See more about the Ontop framework in its official documentation.

Setup and configuration

To expose a virtual endpoint as a repository in GraphDB, you must first load the relational database into an RDBMS of your choice.

JDBC driver

In order to create a virtual repository in GraphDB, you need to first install a JDBC driver for your respective relational database (e.g., PostgreSQL JDBC driver).

In the lib directory of the GraphDB distribution, create a subdirectory called jdbc and place the driver .jar file there.

Note

The driver can also be placed in the lib directory; however, this requires a restart of GraphDB.

If you want to set a JDBC driver directory different from the lib/jdbc location, you can define it via the graphdb.ontop.jdbc.path property in the conf/graphdb.properties file of the GraphDB distribution.

Configuration files

In addition to the relational database and the JDBC driver, there are several other files used to create a virtual repository.

Note

You can download examples versions of those files in the usage scenario section below.

Required files

  1. An R2RML or OBDA mapping file describing the mapping of SPARQL queries to SQL data

Optional files

  1. An OWL ontology file describing the ontology of your data

  2. A constraint file providing user-supplied implicit DB Constraints (e.g. unique constraints and foreign keys) to Ontop to generate efficient SQL

  3. An Ontop lenses file that specifies integrity constraints on views defined at the Ontop level

  4. A DB metadata file that provides extracted database information such as DB connection metadata, DB schema and integrity constraints (for instance primary keys)

Automatically generated files

There are also several files that are automatically generated when creating a virtual repository through the Workbench.

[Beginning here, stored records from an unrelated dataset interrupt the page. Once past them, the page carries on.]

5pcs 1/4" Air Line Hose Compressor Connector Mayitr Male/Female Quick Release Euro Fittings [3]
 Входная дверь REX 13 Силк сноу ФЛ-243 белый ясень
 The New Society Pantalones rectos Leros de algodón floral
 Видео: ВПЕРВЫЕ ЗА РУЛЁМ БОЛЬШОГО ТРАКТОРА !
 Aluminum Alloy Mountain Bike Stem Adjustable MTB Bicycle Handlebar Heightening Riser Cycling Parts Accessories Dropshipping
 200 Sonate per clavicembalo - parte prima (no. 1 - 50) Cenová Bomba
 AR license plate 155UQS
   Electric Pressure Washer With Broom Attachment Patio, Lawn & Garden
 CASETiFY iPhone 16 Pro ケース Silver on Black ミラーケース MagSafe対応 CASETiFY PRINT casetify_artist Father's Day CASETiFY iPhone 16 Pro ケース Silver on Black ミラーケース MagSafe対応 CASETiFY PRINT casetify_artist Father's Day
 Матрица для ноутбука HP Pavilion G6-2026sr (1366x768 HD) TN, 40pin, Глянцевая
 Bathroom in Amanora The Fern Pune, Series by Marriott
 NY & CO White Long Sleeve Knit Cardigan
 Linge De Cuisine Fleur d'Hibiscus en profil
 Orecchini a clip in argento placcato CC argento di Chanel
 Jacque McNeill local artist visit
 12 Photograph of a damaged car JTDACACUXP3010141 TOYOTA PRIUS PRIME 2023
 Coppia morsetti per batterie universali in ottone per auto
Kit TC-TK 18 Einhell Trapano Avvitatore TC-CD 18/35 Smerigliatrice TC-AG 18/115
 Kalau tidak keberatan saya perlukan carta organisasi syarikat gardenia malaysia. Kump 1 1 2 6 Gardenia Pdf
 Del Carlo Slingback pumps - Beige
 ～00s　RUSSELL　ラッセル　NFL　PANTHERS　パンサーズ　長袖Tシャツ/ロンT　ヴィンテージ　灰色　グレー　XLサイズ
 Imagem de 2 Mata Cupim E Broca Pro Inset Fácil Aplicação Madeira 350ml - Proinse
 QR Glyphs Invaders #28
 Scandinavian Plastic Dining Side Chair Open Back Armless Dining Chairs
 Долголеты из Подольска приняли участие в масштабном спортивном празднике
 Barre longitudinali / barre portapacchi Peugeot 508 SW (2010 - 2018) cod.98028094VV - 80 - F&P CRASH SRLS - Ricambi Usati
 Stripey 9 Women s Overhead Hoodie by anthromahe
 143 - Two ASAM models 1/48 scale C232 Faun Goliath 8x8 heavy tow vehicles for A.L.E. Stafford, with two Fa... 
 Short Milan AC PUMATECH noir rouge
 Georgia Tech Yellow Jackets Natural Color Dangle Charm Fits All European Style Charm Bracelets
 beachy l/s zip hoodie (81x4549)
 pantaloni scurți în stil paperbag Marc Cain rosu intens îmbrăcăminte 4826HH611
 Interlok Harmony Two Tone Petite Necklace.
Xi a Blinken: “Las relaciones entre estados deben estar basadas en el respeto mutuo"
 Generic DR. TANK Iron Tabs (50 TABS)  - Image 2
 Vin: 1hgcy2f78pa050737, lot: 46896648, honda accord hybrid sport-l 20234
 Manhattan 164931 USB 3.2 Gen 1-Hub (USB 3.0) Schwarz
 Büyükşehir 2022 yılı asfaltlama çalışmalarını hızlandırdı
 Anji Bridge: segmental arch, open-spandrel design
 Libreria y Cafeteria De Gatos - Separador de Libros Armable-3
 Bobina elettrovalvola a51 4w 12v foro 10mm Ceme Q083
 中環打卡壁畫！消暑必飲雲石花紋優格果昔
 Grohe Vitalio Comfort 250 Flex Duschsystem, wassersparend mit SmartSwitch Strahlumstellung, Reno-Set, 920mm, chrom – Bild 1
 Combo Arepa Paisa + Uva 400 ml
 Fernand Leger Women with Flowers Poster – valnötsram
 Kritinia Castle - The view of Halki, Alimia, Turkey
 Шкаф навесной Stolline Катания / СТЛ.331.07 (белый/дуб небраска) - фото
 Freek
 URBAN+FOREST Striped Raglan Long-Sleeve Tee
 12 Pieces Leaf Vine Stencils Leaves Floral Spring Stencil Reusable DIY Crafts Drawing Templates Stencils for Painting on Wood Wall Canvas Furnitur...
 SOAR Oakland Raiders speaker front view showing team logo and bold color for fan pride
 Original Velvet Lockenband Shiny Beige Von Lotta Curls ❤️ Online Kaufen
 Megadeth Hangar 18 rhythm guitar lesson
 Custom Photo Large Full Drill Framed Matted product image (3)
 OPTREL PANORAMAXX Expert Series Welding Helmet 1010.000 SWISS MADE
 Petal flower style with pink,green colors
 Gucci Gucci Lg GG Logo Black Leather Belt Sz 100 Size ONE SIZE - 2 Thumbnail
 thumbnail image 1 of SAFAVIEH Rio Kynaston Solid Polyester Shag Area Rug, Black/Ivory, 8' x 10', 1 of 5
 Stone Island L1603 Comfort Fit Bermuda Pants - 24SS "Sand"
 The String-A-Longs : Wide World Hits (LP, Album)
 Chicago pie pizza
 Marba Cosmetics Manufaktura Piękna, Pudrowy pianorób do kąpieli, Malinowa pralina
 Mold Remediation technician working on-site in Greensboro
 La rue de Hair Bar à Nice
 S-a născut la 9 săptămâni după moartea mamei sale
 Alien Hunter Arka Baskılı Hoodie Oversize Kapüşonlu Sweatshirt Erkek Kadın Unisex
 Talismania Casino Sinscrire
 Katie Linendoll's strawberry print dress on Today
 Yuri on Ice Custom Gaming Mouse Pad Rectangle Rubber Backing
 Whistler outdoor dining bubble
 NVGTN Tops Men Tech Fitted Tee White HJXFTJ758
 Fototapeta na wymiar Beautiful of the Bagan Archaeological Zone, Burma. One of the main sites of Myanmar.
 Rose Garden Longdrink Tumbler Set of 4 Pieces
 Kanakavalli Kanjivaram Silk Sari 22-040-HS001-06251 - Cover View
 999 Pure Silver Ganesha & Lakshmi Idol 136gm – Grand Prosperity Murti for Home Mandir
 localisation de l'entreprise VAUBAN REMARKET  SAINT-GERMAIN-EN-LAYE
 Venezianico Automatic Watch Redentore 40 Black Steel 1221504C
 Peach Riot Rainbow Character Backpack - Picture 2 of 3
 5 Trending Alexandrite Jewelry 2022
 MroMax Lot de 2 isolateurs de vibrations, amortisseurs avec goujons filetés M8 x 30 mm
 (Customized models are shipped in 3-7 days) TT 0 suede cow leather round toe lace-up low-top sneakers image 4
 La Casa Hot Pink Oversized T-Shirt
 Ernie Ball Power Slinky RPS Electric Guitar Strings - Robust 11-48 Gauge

Unless you are creating such a repository via cURL command as described further below, you do not need to worry about those files.

  1. A properties file for the configuration of the JDBC driver parameters of the following type:

    jdbc.url=<database-jdbc-driver-connection-string>
    jdbc.driver=<database-jdbc-driver-class>
    jdbc.user=<your-database-username>
    jdbc.password=<your-database-password>
    
  2. A repository config file of the following type that references the aforementioned properties, R2RML or OBDA mapping, ontology, constraints, lenses, and DB metadata files:

    @prefix rdfs: <http://www.w3.org/2000/01/rdf-schema#> .
    @prefix rep: <http://www.openrdf.org/config/repository#> .
    @prefix xsd: <http://www.w3.org/2001/XMLSchema#> .
    
    <#example-virtual> a rep:Repository;
      rep:repositoryID "example-virtual";
      rep:repositoryImpl [
          <http://inf.unibz.it/krdb/obda/quest#propertiesFile> "example.properties";
          <http://inf.unibz.it/krdb/obda/quest#obdaFile> "example-mapping.obda";
          <http://inf.unibz.it/krdb/obda/quest#owlFile> "example-ontology.ttl";
          <http://inf.unibz.it/krdb/obda/quest#constraintFile> "example-constraints.lst";
          <http://inf.unibz.it/krdb/obda/quest#lensesFile> "example-lenses.json";
          <http://inf.unibz.it/krdb/obda/quest#dbMetadataFile> "example-db-metadata.json";
          rep:repositoryType "graphdb:OntopRepository"
        ];
      rdfs:label "Ontop virtual store with OBDA" .
    

Ontop configuration properties and query logging

Ontop configuration properties can be configured through the GraphDB config file using properties of the kind graphdb.ontop.<property>. The graphdb. part will be stripped and the resultant ontop.<property> property will be passed to Ontop.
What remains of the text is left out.